The rights group also said a range of similar serious charges should be brought against Vice Senior General Soe Win, deputy commander-in-chief of the defense services and army commander-in-chief, Lieutenant General Aung Kyaw Zaw, former commander of the Bureau of Special Operations No. 3, and Major General Maung Maung Soe, former commander of the Western Command.
After the European Union and Canada announced sanctions on seven officers on Monday, the office of Min Aung Hlaing issued a statement saying that Maung Maung Soe had been fired for failing in his duty to control the violence during the crackdown in Rakhine state between the two militant attacks on Oct. 9, 2016, and Aug. 25, 2017.
Aung Kyaw Zaw, also seen as responsible for part of the violence, was transferred to another post, but instead the army honored his request to resign because of a health condition, the statement said.
Brigadier General Than Oo, commander of the 99th Light Infantry Division; Brigadier General Aung Aung, commander of the 33rd Light Infantry Division; and Major General Khin Maung Soe, commander of the 15th Light Infantry Division, should be tried for their role in atrocities committed by their respective divisions, Amnesty said.
Brigadier General Thura San Lwin, former Commander of the Border Guard Police and six subordinates rounded out the list of 13 men whom Amnesty said should be tried. The 13 included five officers sanctioned on Monday by the EU and Canada.
“The explosion of violence — including murder, rape, torture, burning and forced starvation — perpetrated by Myanmar’s security forces in villages across northern Rakhine State was not the action of rogue soldiers or units,” said Matthew Wells, the organization’s senior crisis adviser, in a statement on Tuesday. “There is a mountain of evidence that this was part of a highly orchestrated, systematic attack on the Rohingya population.”
“Those with blood on their hands — right up the chain of command to Senior General Min Aung Hlaing — must be held to account for their role in overseeing or carrying out crimes against humanity and other serious human rights violations under international law.”

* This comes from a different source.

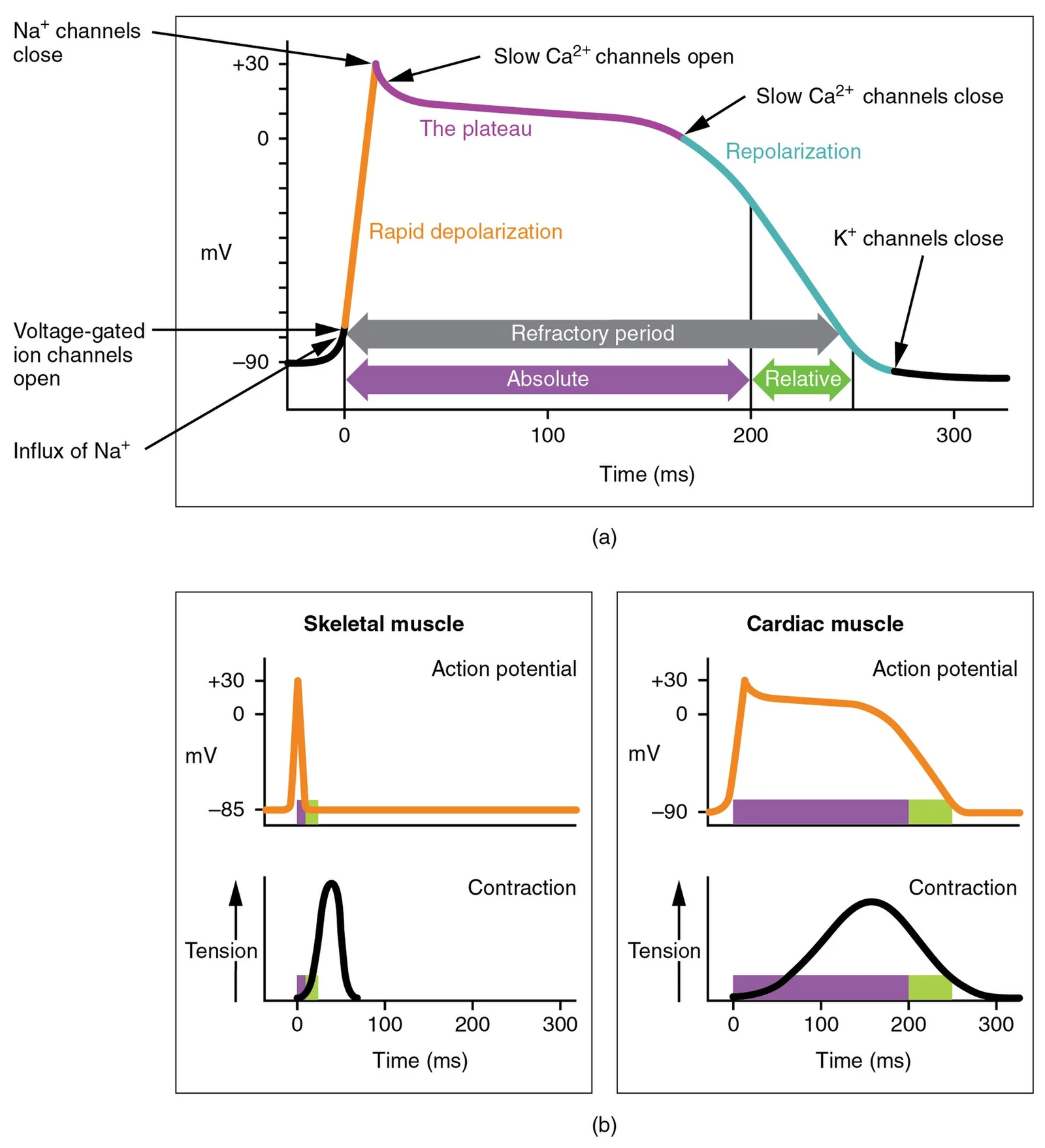 Action potential of a contractile cardiac cell — note the plateau.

Amnesty also repeated its previous call for the U.N. Security Council to refer the situation in Myanmar to the International Criminal Court (ICC) for investigation and prosecution.
The government has repeatedly denied the military’s involvement in the violence, despite credible witness testimony.
There was no official response from the government, but a former top official and one human rights lawyer suggested Myanmar would ignore the report.
“Amnesty International has been calling for the prosecution of Myanmar generals at the ICC since Senior-General Than Shwe’s term," said Ye Htut, who was information minister in the previous government, referring to a military dictator who was Myanmar's head of state from 1992 to 2011. "I think the Myanmar government and military will not have any response to AI’s report.”
Human rights lawyer Thein Than Oo echoed the government's stance on the ICC, telling RFA, "As Myanmar is non-state party to the ICC ... we would say the ICC has no jurisdiction to prosecute Myanmar.”
But Rohingya refugee Hla Myint, who resides in Dar Paing refugee camp in Sittwe, the Rakhine state capital, told RFA: "Thank you, international organizations, for doing things for us."
"Living in the refugee camps is like living in jail," he said. "We can’t go anywhere for health care even when we are sick."
In April, seven soldiers were sentenced to 10 years in prison with hard labor for their roles in a massacre of 10 Rohingya men in Rakhine’s Inn Din village, in a rare admission of army culpability and case of subsequent punishment.
Abuses by ARSA also cited
Amnesty’s report provides new information about the military’s command structure and troop deployments, arrests by security forces, enforced disappearances, and the torture of Rohingya villagers in the weeks before the crisis began.
It also provides details about abuses against people from different ethnic and religious groups in northern Rakhine state by the Arakan Rohingya Salvation Army (ARSA) before and after it carried out deadly attacks on police outposts on Aug. 25, 2017, as well as the group’s abductions and killings of suspected Rohingya informants.
The report, based on more than 400 interviews and corroborating evidence in the form of satellite imagery, verified photographs and videos, and expert forensic and weapons analysis, identifies army battalions involved in the atrocities, and documents security forces committing nine of the 11 kinds of crimes against humanity listed in the ICC’s Rome Statute.
Myanmar has until July 27 to submit a written response to an ICC prosecutor’s request for the international tribunal to exercise jurisdiction over the country’s mass “deportation” of Rohingya to Bangladesh, though the government has indicated it will not comply.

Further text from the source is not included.